I've been arguing with a DBA and a couple hardware guys about performance issues on our SQL server. Normally everything is fine, however over the past few weeks we have been having huge lag spikes in sql server. Its clear that SQL Server is waiting on disk I/O. But I keep getting told that it is beacuse SQL Server is asking for abnormally high I/O. Which isn't the case. I can see from what is running that there is nothing out of the normal, and all the DBA cares to look at is what is causing the blocking and so on, which is useless. For instance the major thing we see backing up is operation on the ASPState database, which we are using to manage the ASP Session State on the web servers. These operations are normally never seen on Sp_who2 active results because they occur so quickly. The database is in simple recovery mode and logging is miminal. However during these lag spikes we can see alot select and update operations on the database being blocked or waiting. I'm sure what is going on is that someone or some job is running something that is causing heavey disk usage on the raid arrays used for that databases log and data files. The problem is proving it, since no one wants to admit they are doing something that is killing our website.

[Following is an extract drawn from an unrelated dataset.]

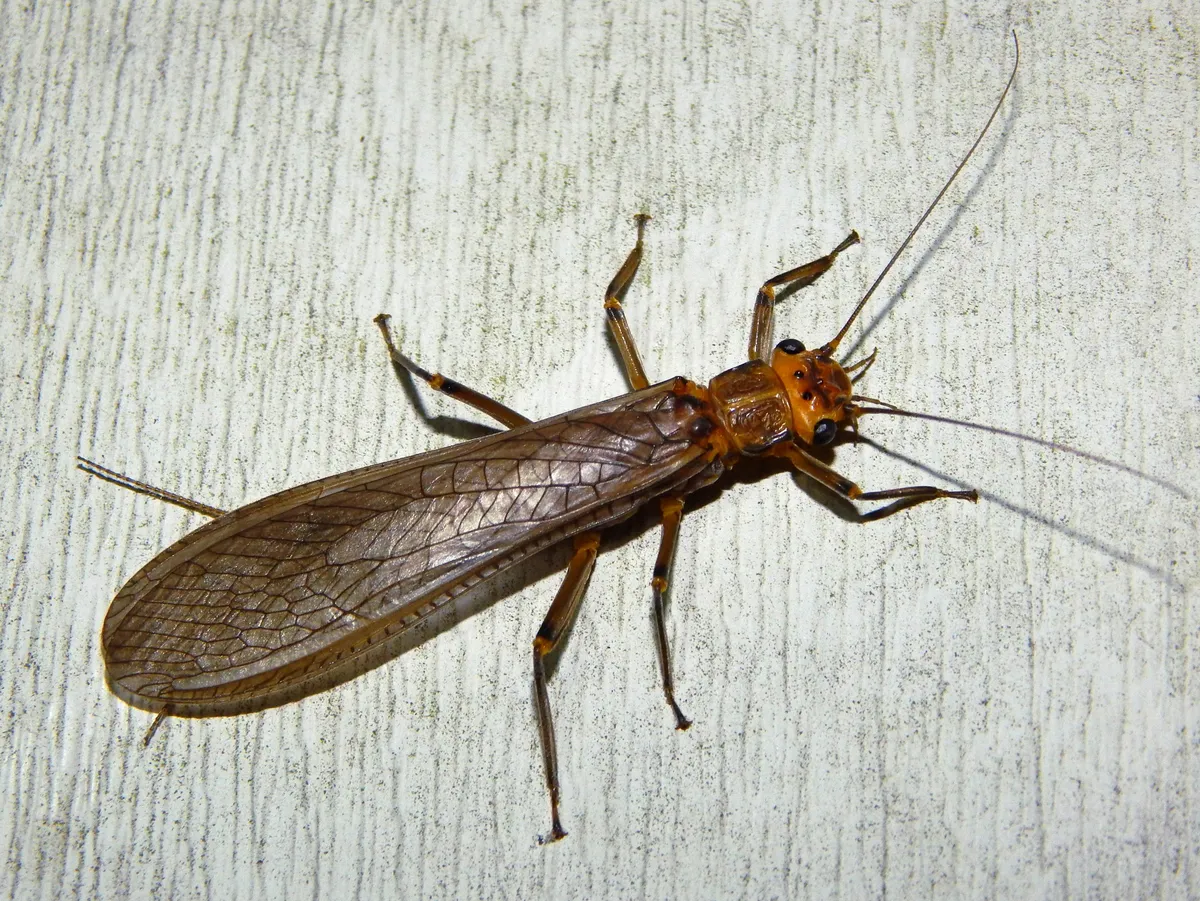 Common Stoneflies - photo 3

My question is what performance counters or whatever can I log that will help show that SQL server is waiting on I/O, but not because its asking for more than normaly, instead beacuse the disk is to busy to respond to the requests from sql server as quickly as it normally would?
Best Answer
Have a look at the following perfmon counters:
Page lookups/sec
Page reads/sec
Readahead pages/sec
Full Scans/sec
Range Scans/sec
Skipped Ghosted Records/sec
Page IO latch waits
SQL Server driving a high number of IO requests would be corroborated with a high number scans, increase in page lookups and page reads and high page IO latch waits. Is worth trying a look at
sys.dm_exec_query_stats
for entries with high physical reads counts. They could quickly pinpoint the culprit.In general approaching the problem as a performance troubleshooting problem, following a methodlogy like Waits and Queues is the right approach. You DBA seems to be doing the right thing so you should listen to him.